(Recorded data Opens)

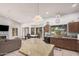 Kitchen with an island open to the dining room and living room at 9414 S La Rosa Dr, Tempe, AZ 85284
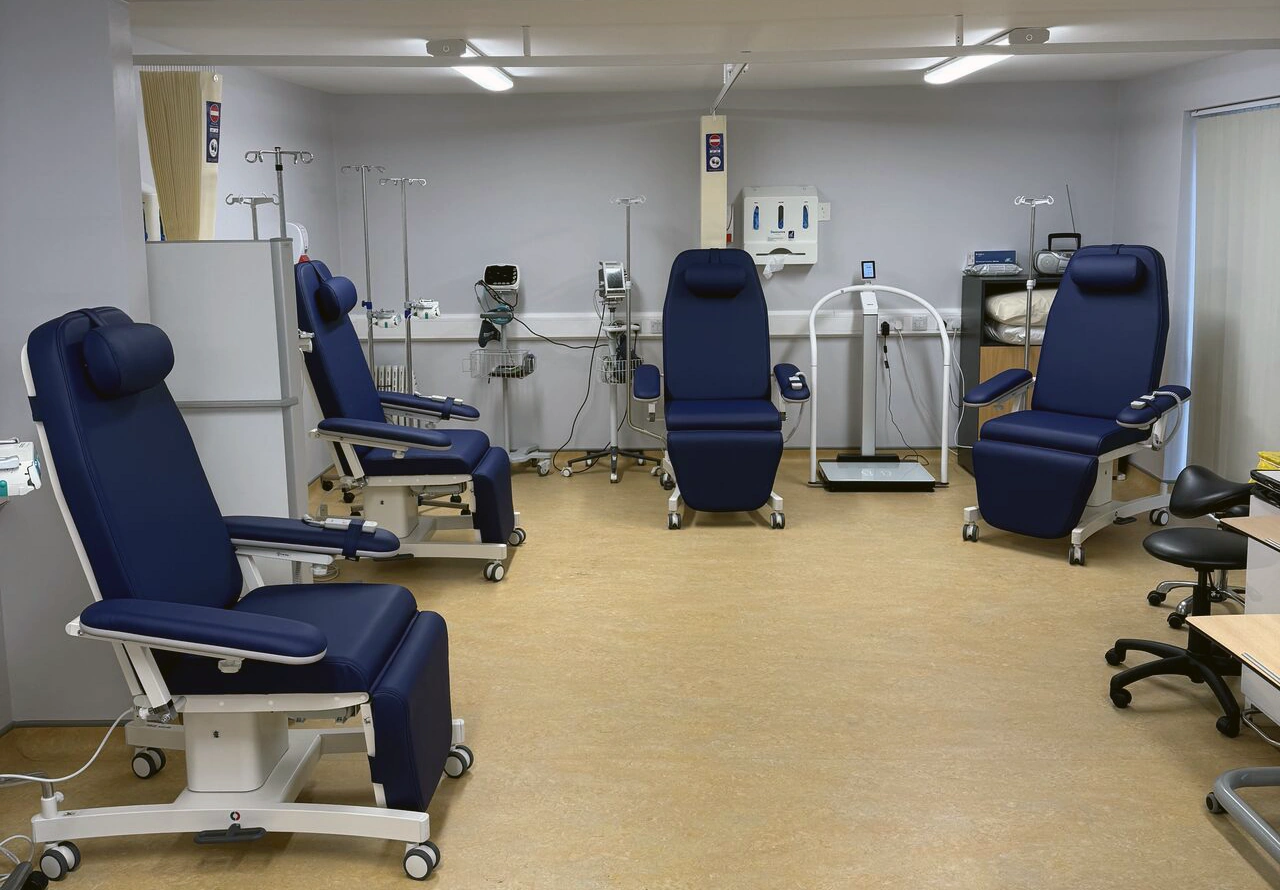 Day care chemotherapy unit with infusion chairs and IV stations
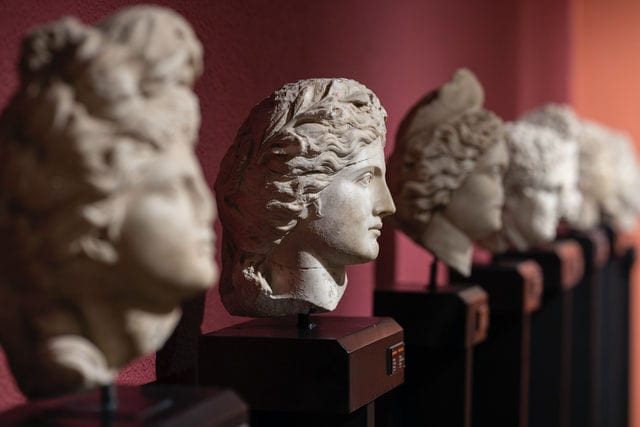 Line of ancient greek busts with center bust in focus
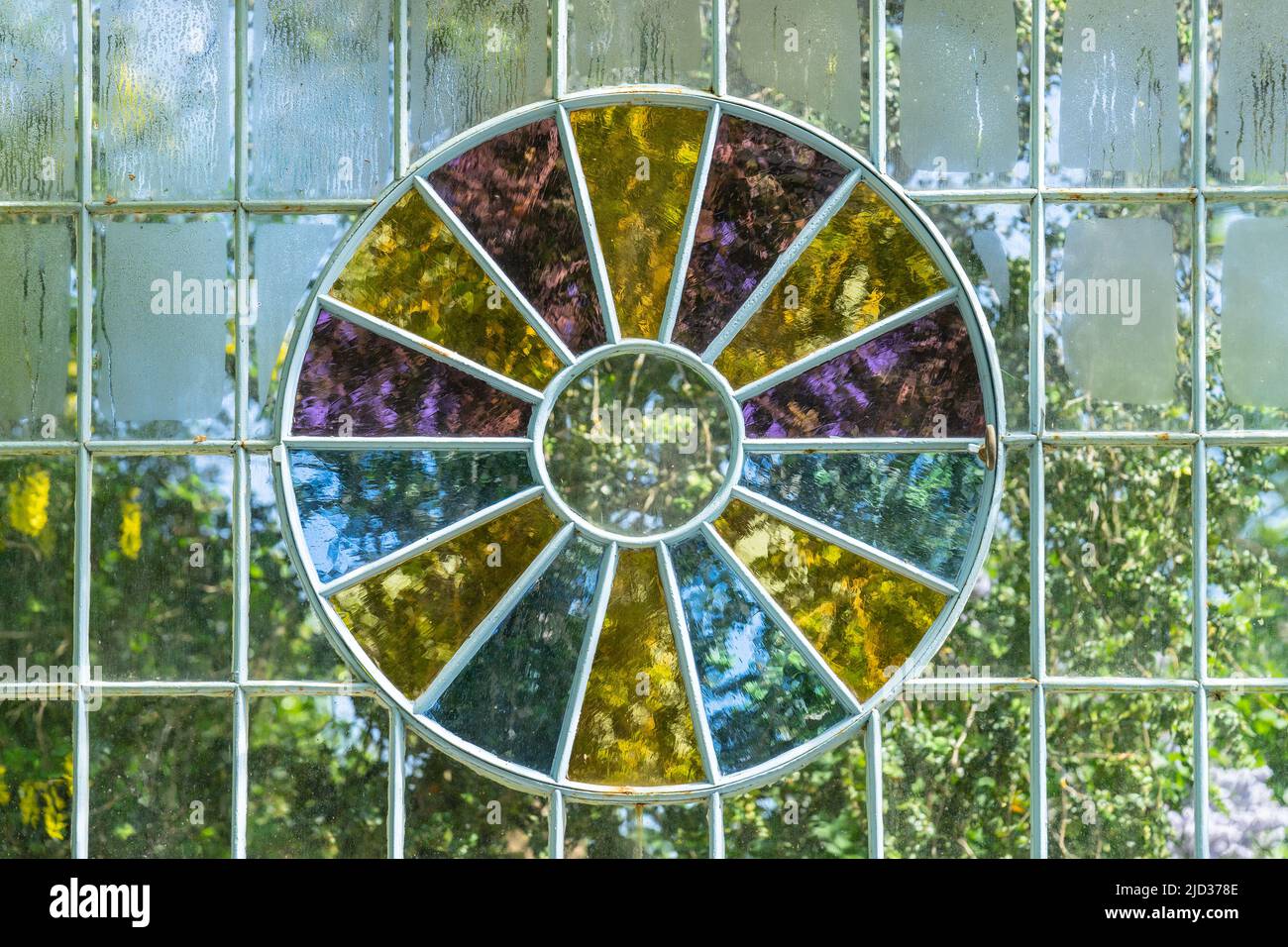 Una parete di vetro di una serra con una finestra di vetro multicolore Foto Stock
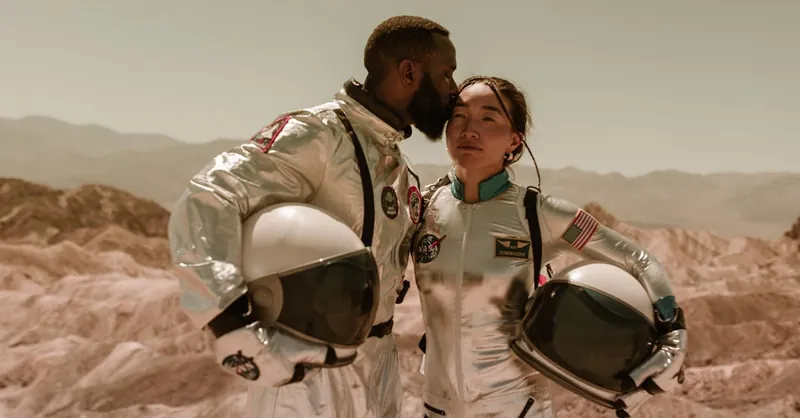 Interracial couple in space suits embracing in a desert landscape, symbolizing exploration and love.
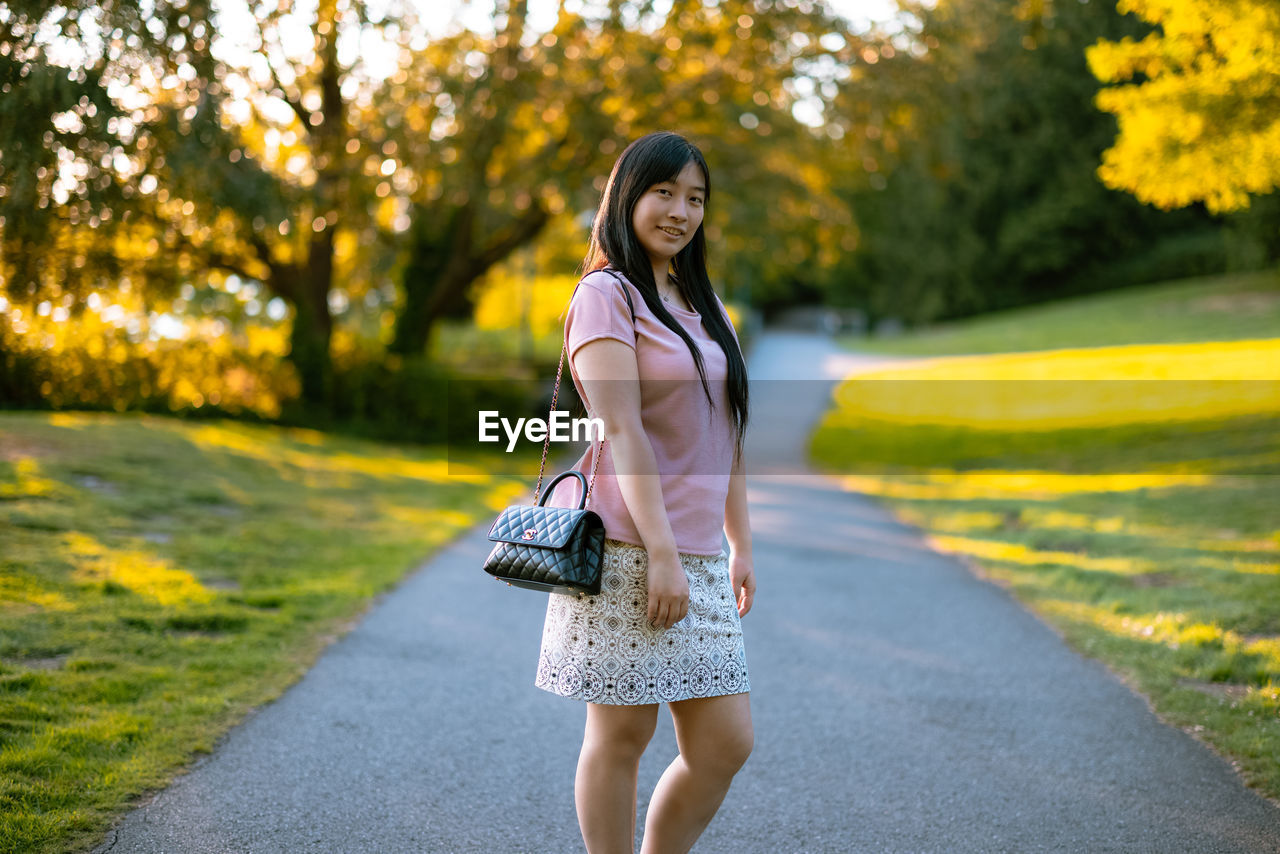 Portrait shooting in lake water park in late afternoon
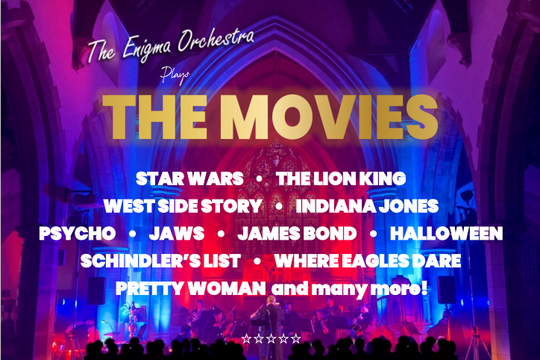 An orchestra playing in a church surrounded by dramatic lighting.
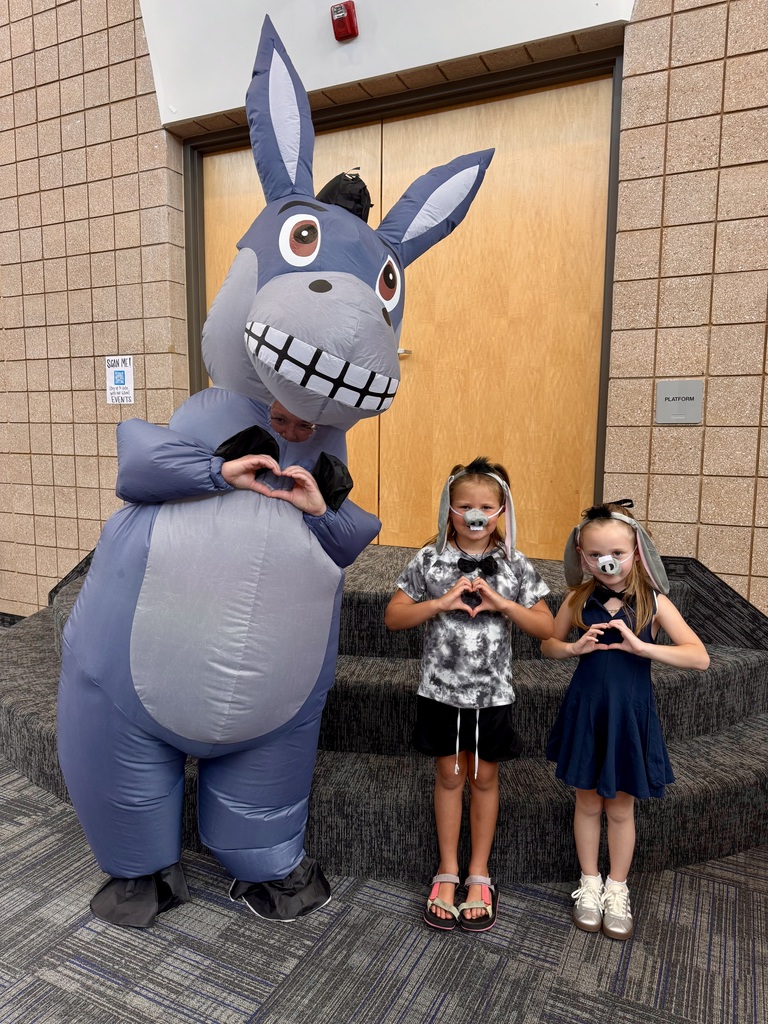 two students making hearts with their hands smiling in donkey costumes with Miss G who is also making this hand gesture and smiling in a donkey costume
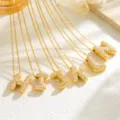Gold bubble letter pendant necklace detail shot featuring sparkling cubic zirconia stones. - Necklace B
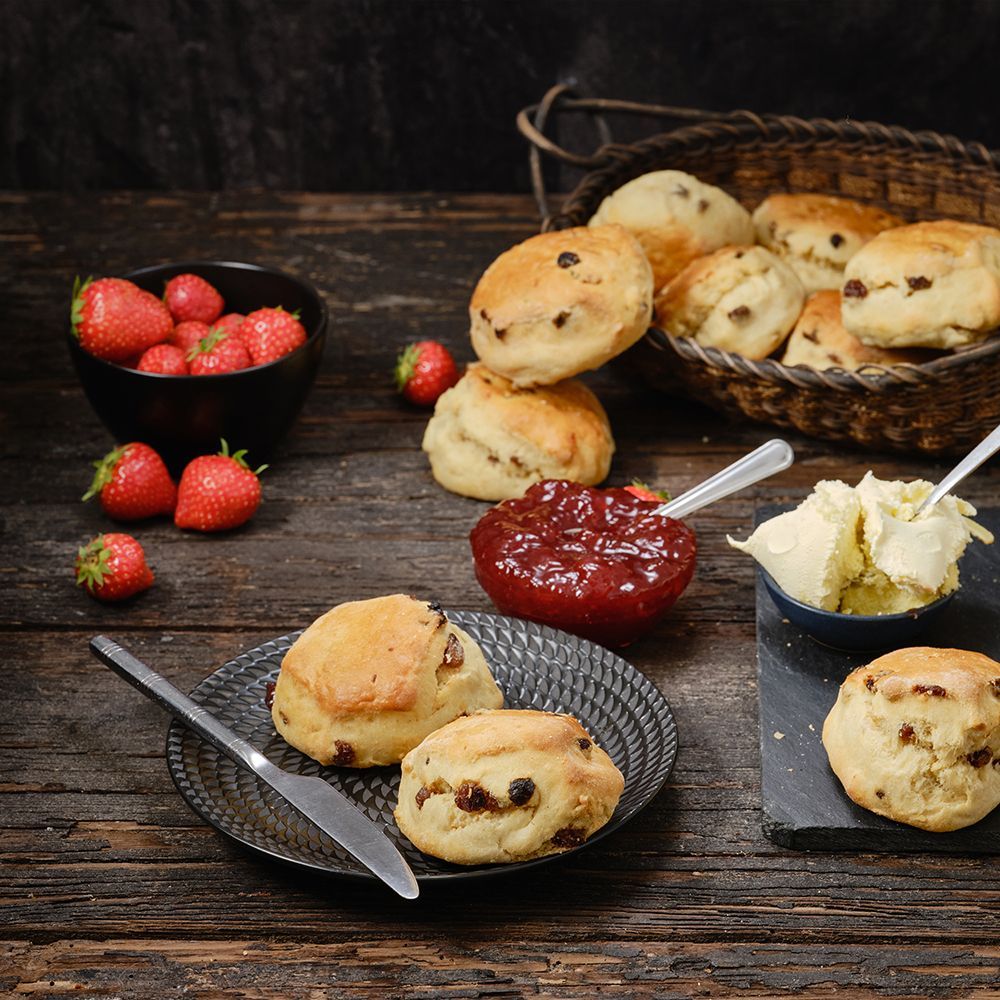 Scones with strawberries, jam, and clotted cream on a rustic wooden table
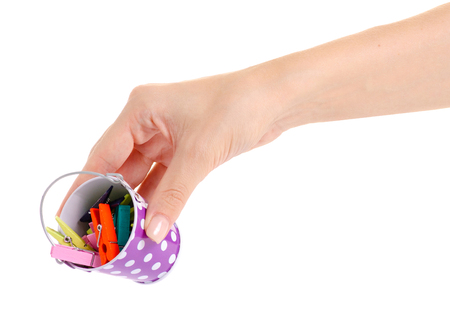 A small bucket with clothespins in hand on a white background isolationの写真素材
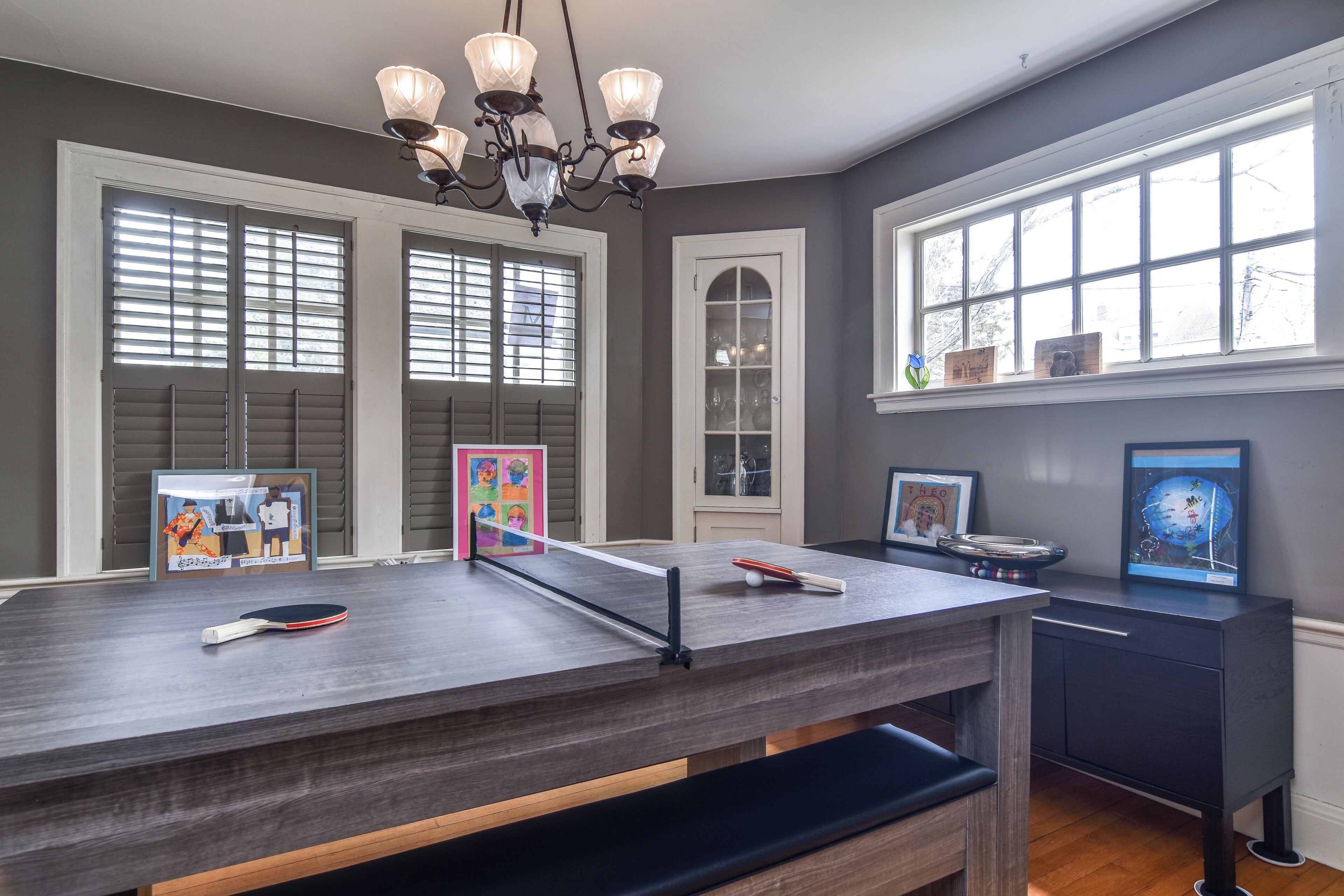 A room with a ping pong table, a chandelier, a window with blinds, and artwork on the wall.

(Recorded data Closes)

Task brief – Your output should consist solely of the lines from the line containing "Gold bubble letter" through the last line of the entries, verbatim, minus any pictures.

Final answer –
Gold bubble letter pendant necklace detail shot featuring sparkling cubic zirconia stones. - Necklace B
 Scones with strawberries, jam, and clotted cream on a rustic wooden table
 A small bucket with clothespins in hand on a white background isolationの写真素材
 A room with a ping pong table, a chandelier, a window with blinds, and artwork on the wall.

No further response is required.